Deleting Large Number of Records

  • Comments posted to this topic are about the item Deleting Large Number of Records

  • Nice one Lynn 🙂

    I've found that for deleting a sub-section of data from a much larger table (for example - can we delete history from transactions table that is over x years old) it can help to create a filtered index under SS2008 for that... You can create the index on-line, and it significantly reduces the seek time if you're deleting a sub-set.

    Of course, if the column is already indexed - no probs! 😀

    Atlantis Interactive - SQL Server Tools
    My blog[/url]
    Why I wrote a sql query analyzer clone

  • Hi Lynn,

    Good article concept, this is a problem that I've had to deal with many times, and I suspect most DBAs do at one point or another.

    A couple concerns though:

    1) Would those transaction log backup files really be manageable? If you chose to make the batch size smaller (say 1,000 instead of 10,000) to minimize duration of locks (esp. if the deletion operations are expensive, for example containing substantial BLOB columns), then you rapidly end up with 2,000 transaction log files for your 2,000,000 records... Imagine having to recover those! :ermm: I guess it's a minor point, but I suspect in many (most?) cases the transaction log backup logic should be disconnected from the deletion loop itself.

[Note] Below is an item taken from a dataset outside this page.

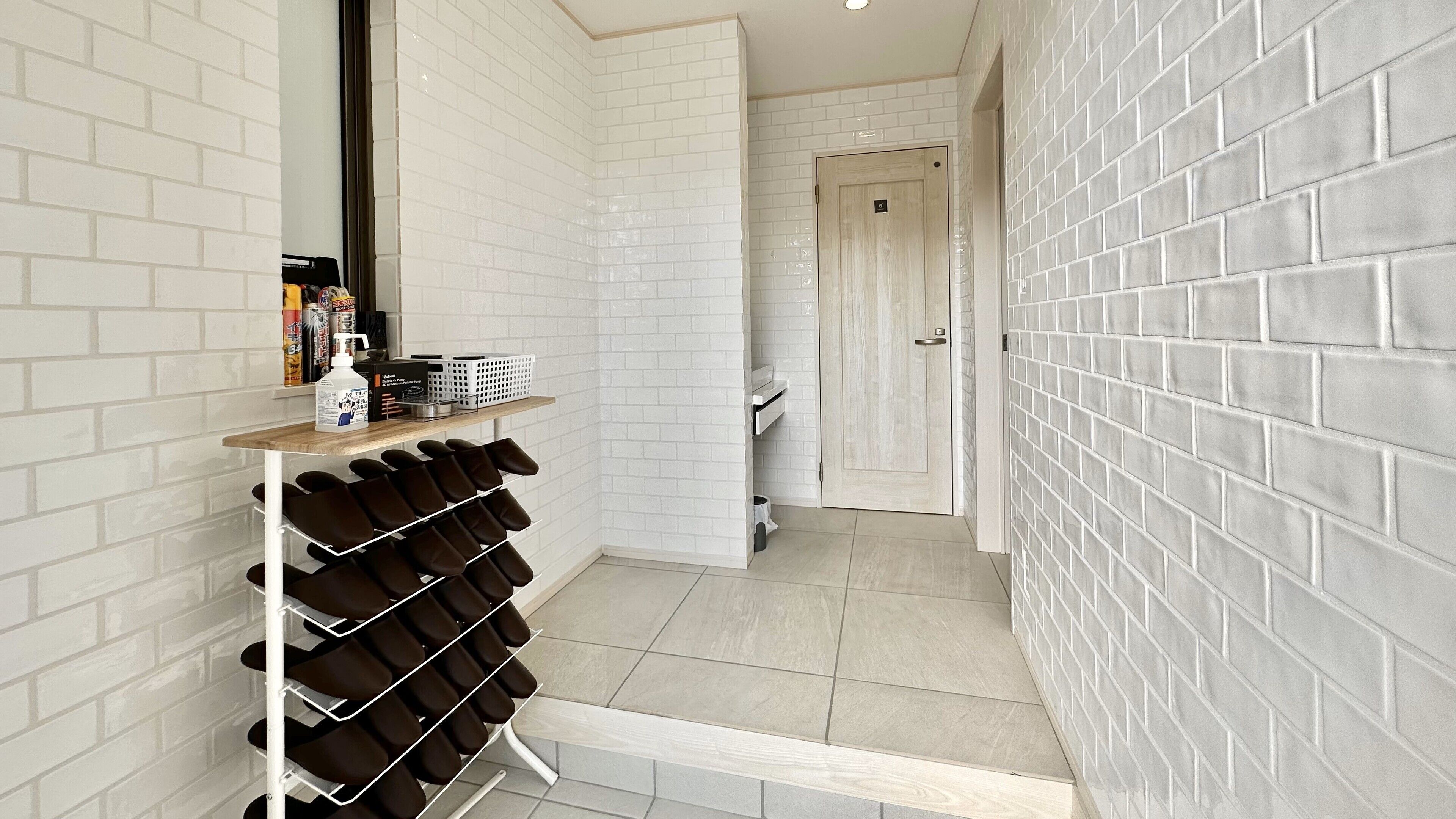 A hallway with white brick walls, a shoe rack, and a door leading to another room.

    2) Another point is the deletion mechanism - in SQL Server 2000 I have found the SET ROWCOUNT method to be quite painful on large tables. I've not looked deeply into it, but in the environments I've encountered it's MUCH more efficient to identify an indexed numeric key (not necessarily unique, as long as it's smoothly distributed), ideally with a clustered index, and loop through that instead. I imagine that there's a constant cost to evaluating the WHERE clause, even when the ROWCOUNT is only going to act on a subset of the matching records.

    Am I alone in this? Has anyone else had to come up with different ways due to performance issues with the SET ROWCOUNT method?

    Tao

    ---

    Edited: fixed mistake: PK -> Clustered index

    http://poorsql.com for T-SQL formatting: free as in speech, free as in beer, free to run in SSMS or on your version control server - free however you want it.

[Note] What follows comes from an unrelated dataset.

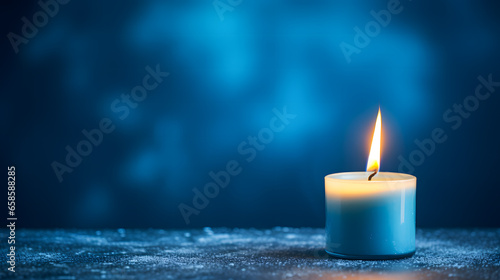 Une bougie allumée sur un table dans le cadre des fêtes de noël. En arrière plan, un fond bleu.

  • Matt Whitfield (9/15/2009)


    Nice one Lynn 🙂

    I've found that for deleting a sub-section of data from a much larger table (for example - can we delete history from transactions table that is over x years old) it can help to create a filtered index under SS2008 for that... You can create the index on-line, and it significantly reduces the seek time if you're deleting a sub-set.

    Of course, if the column is already indexed - no probs! 😀

    Thank you for the info on SQL Server 2008. At this time I unfortunately haven't had the oportunity to work with 2008 so I'll have to look into that when I do and see what changes that may result in with this method of deleting records.

  • Tao Klerks (9/15/2009)


    Hi Lynn,

    Good article concept, this is a problem that I've had to deal with many times, and I suspect most DBAs do at one point or another.

    A couple concerns though:

    Okay, let's take a look.

    1) Would those transaction log backup files really be manageable? If you chose to make the batch size smaller (say 1,000 instead of 10,000) to minimize duration of locks (esp. if the deletion operations are expensive, for example containing substantial BLOB columns), then you rapidly end up with 2,000 transaction log files for your 2,000,000 records... Imagine having to recover those! :ermm: I guess it's a minor point, but I suspect in many (most?) cases the transaction log backup logic should be disconnected from the deletion loop itself.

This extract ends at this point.